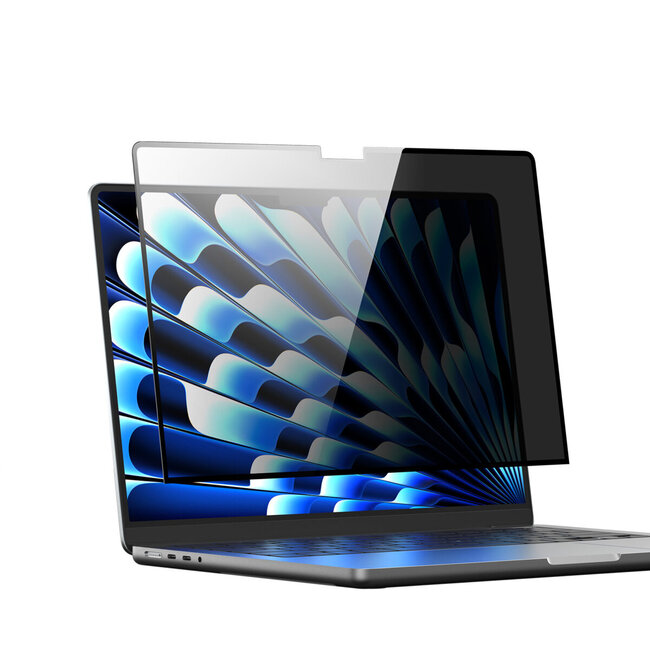 Dux Ducis - Privacy screenprotector Geschikt voor Macbook Air 13.6 (2022/2024) - Privacy scherm - Full Cover - Zwart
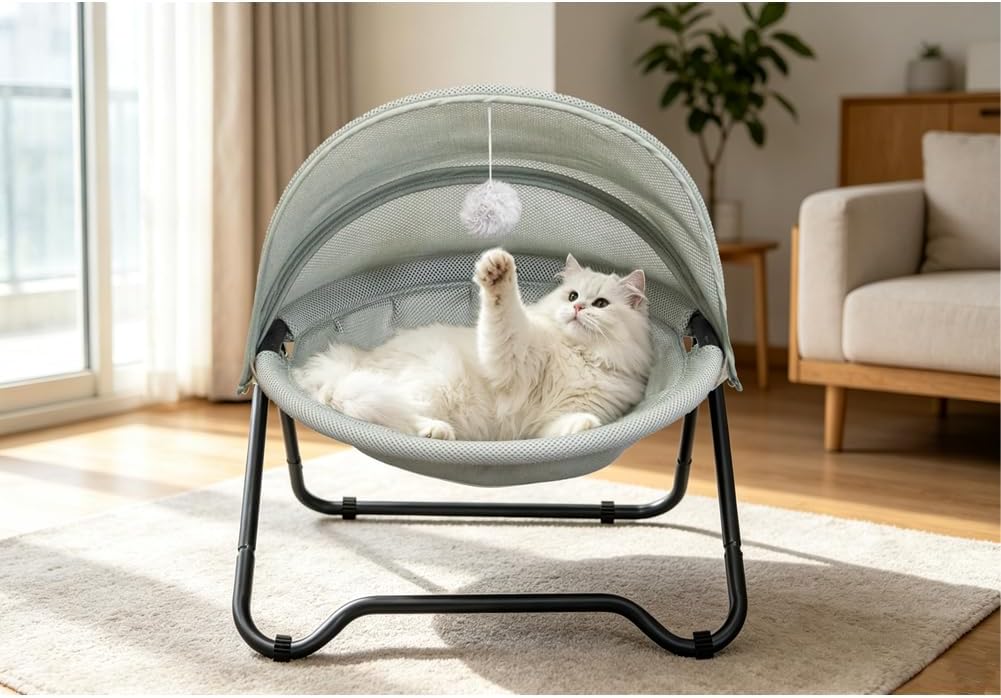 Cat Bed, Pet Hammock Bed for Cats and Dogs - Grey - image 2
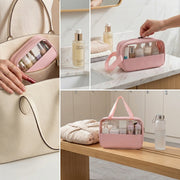 Transparent Makeup & Toiletry Organizer Bag Set | Waterproof Travel Cosmetic Storage Pouches with Handle (Pink)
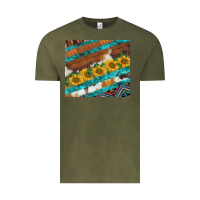 Vintage Olive western aztec sunflowers turquoise cowhide Vintage Tee - BarkalooDesign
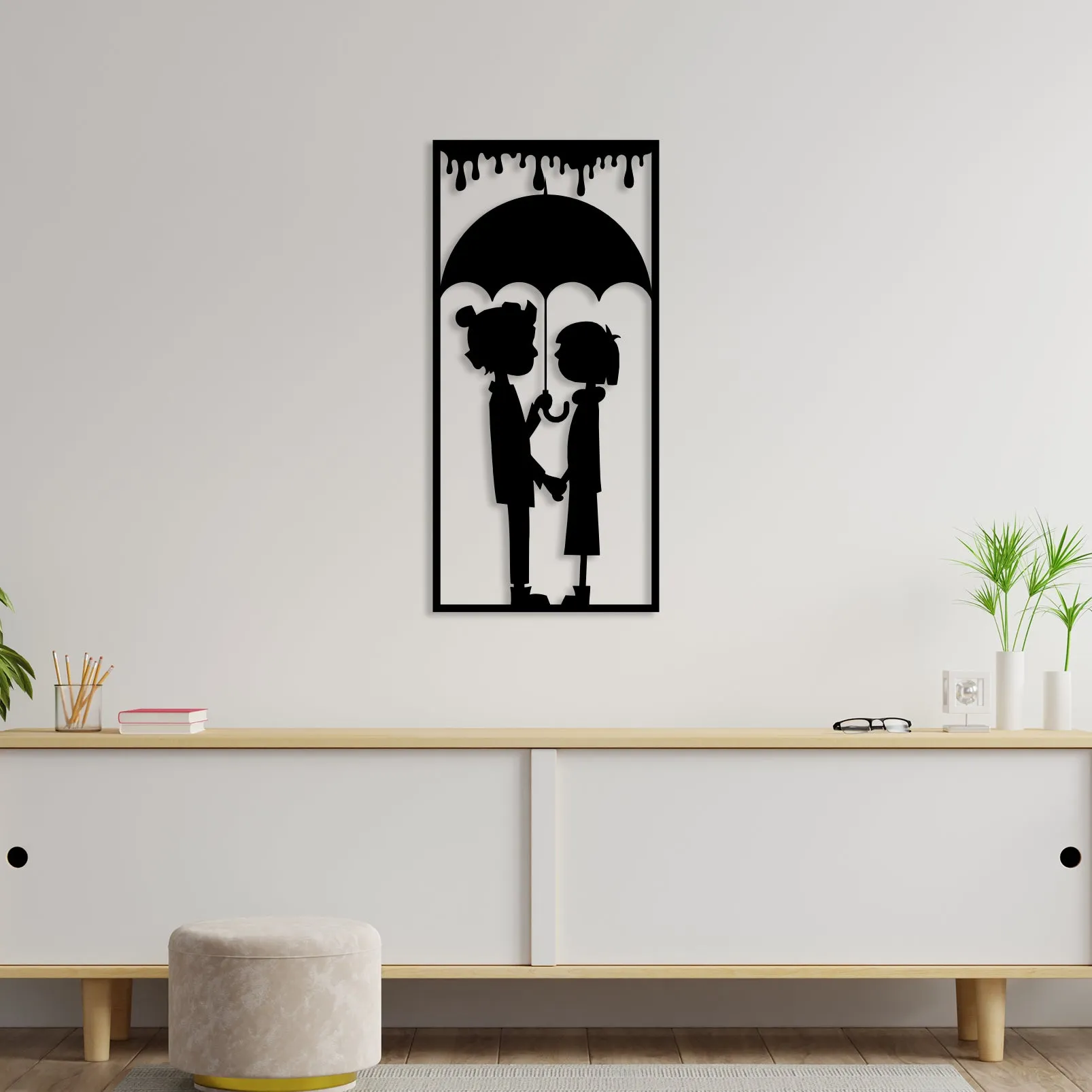 Couple With Umbrella Metal Wall Art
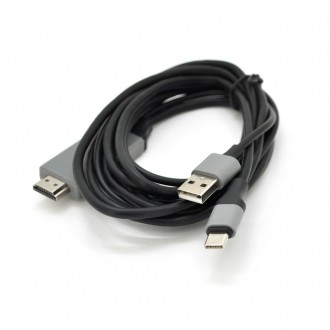Конвертер MHL Type-C (тато) + USB (тато) => HDMI (тато) 2.0 м, Black, 4K/2K, BOX. Дніпро. фото 1 Конвертер MHL Type-C (тато) + USB (тато) => HDMI (тато) 2.0 м, Black, 4K/2K, BOX. Дніпро. фото 1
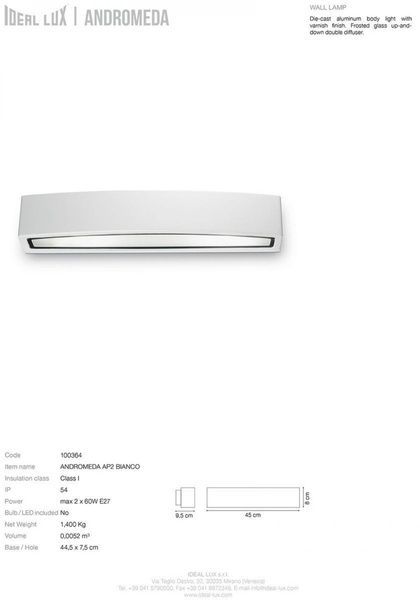Фасадный светильник IDEAL LUX IL100371 ANDROMEDA AP2 NERO 2хЕ27 IP55 чёрный IL100371 фото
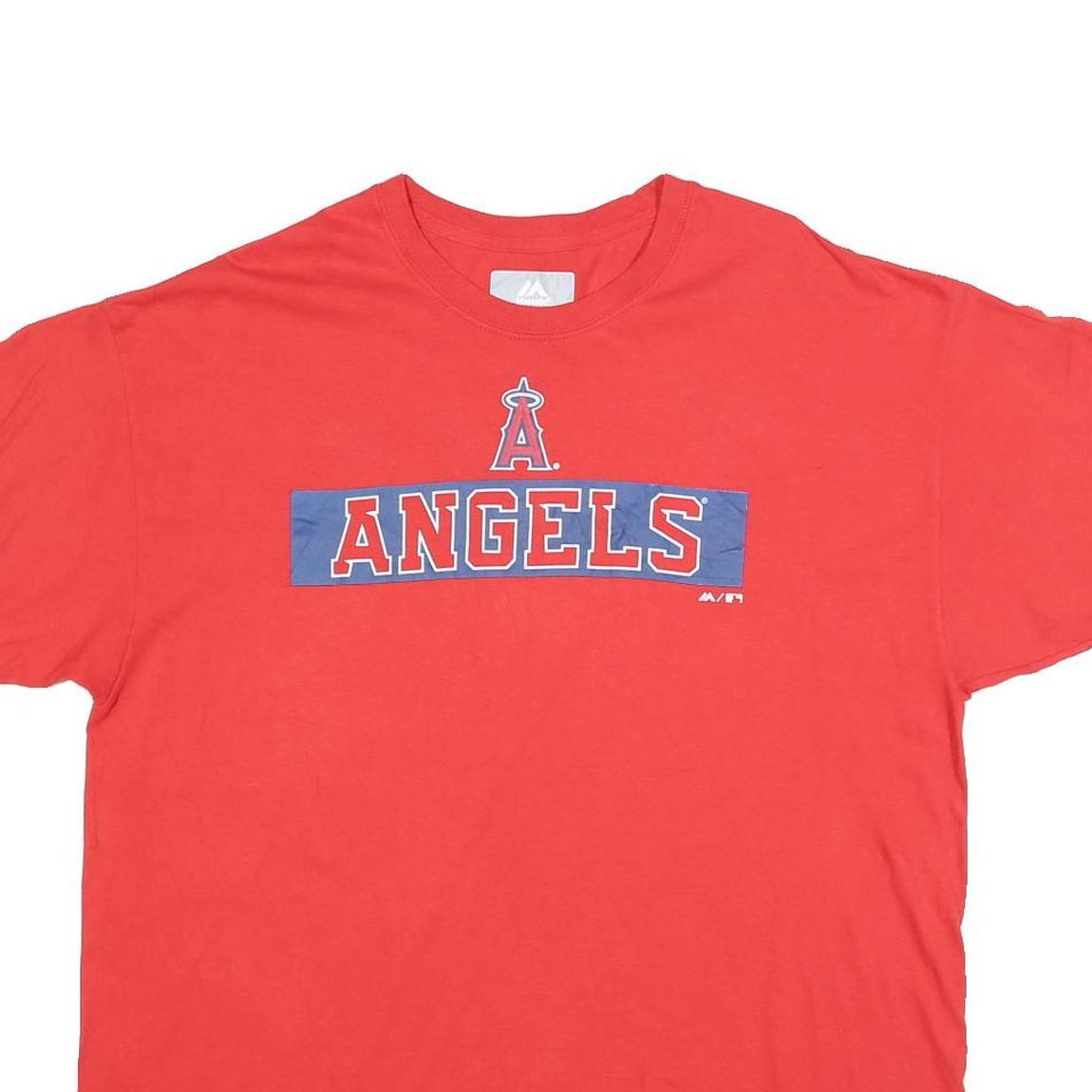 MAJESTIC Mens Red Angels Graphic T-Shirt XL Short Sleeve Crew Neck Casual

Task goal:
Could you write out verbatim only those lines that run from the line containing "фото 1 Конвертер" through the end of the listing above, both included, without the pictures?

The completed task:
Конвертер MHL Type-C (тато) + USB (тато) => HDMI (тато) 2.0 м, Black, 4K/2K, BOX. Дніпро. фото 1 Конвертер MHL Type-C (тато) + USB (тато) => HDMI (тато) 2.0 м, Black, 4K/2K, BOX. Дніпро. фото 1
Фасадный светильник IDEAL LUX IL100371 ANDROMEDA AP2 NERO 2хЕ27 IP55 чёрный IL100371 фото
 MAJESTIC Mens Red Angels Graphic T-Shirt XL Short Sleeve Crew Neck Casual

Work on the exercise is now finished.